To be doing good deeds is man's most glorious task.
When Zachary Crockett cycled home after work through the Mission District of San Francisco on Jan. 28, he stopped when he noticed a crowd of people watching (and many filming) a building on fire.
It was a fire that would kill one person, injure six others, and displace 54 people who lived in 19 apartments above small businesses. And 26-year-old Zack Crockett — disgusted by what appeared to be onlookers more interested in capturing dramatic images for social media than in helping distraught fire victims — would surprise himself by finding a way for everyone to help.

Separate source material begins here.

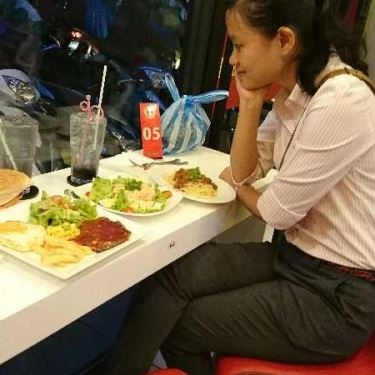 Tổng hợp- Nhà Hàng BeefSteak - Mì Ý - Salad Cow Express - Sư Vạn Hạnh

He started a fund online with low expectations. He hoped he could raise a couple thousand. The community took it from there:
Middle schoolers held bake sales to donate, churches passed the hat, and Google — reviled by some for being a gentrifying force in the Mission — kicked in $16,000. Most of the money came in small chunks. In all, 2,300 people and businesses donated.
After GoFundMe and a processing company took their cuts, Crockett had a total of $165,606. He pulled in the Mission Economic Development Agency, a nonprofit that works with the neighborhood’s low-income residents, to help him figure out what to do with the money.
What they did was cut checks for both individuals and families, ranging from $6,000 to $15,000.
Crockett stood nervously, scanning the audience. They were sitting around tables in the Salvation Army shelter on Valencia Street where many of them have been staying since the inferno. Crockett allowed himself a smile.
“I know that some of you are probably still wondering who the heck I am,” he said quietly. They chuckled.
The story is touching. It reminds all of us of the power each individual has to move our communities, to help our communities, to bring people together.
“They say it takes a village, but sometimes it takes one person to be the catalyst,” said Gabriel Medina, policy manager of the Mission development agency. “That person was Zachary Crockett.”